I haven't read through the whole book. However I believe I saw it mentioned to start with a teaspoon gradually moving up to a tbsp. I've paid the price several times in the past of giving something in too large amts. & in buying certain treats that just did not settle well with a dog. Have found individual dogs differ in likes & what can be tolerated.

I hope you can find something to enjoy making for your friends that can be tolerated. My next stew will have less ingredients in it.


----------



## NatalieAnne (Jul 23, 2016)

Caddy said:


> Your doggy stew sounds good, I make meals for the girls too but haven't used chicken skin. DH often comes in and says "smells good, is that for us or the dogs?" I'm too nervous about raw chicken bones, necks etc too, I stick to the big beef and buffalo bones.
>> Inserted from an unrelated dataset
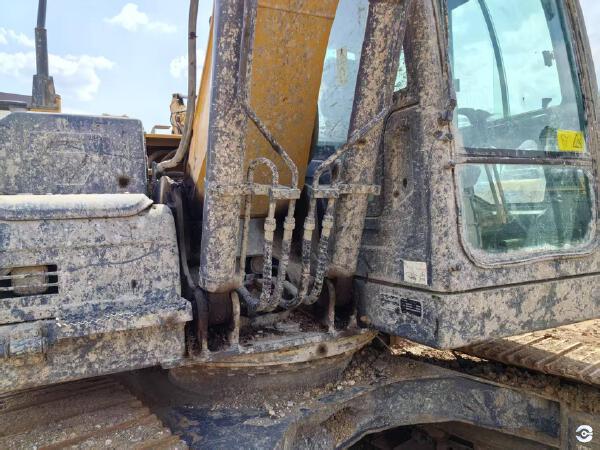 徐工XE135D履帶式挖掘機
I also love the aroma that floats through the house. And, having a pet & cooking for it helps those living singularly to eat better. For myself I find I waste less food, & in sharing one realizes a savings on dog food purchased, as well as hopefully a happier & healthier dog.


----------



## NatalieAnne (Jul 23, 2016)

N2Mischief said:


> I too have an Instant Pot. I LOVE that thing and cook in it probably 4 or 5 days a week. Never for the dogs yet, just for us. But have made some yummy stuff and so easy. This week I have made Corn Chowder, Meatloaf, Enchiladas, and tonight is Stroganoff. My husband is Cuban, and we make their national dish, Arroz con Pollo and it comes out so good!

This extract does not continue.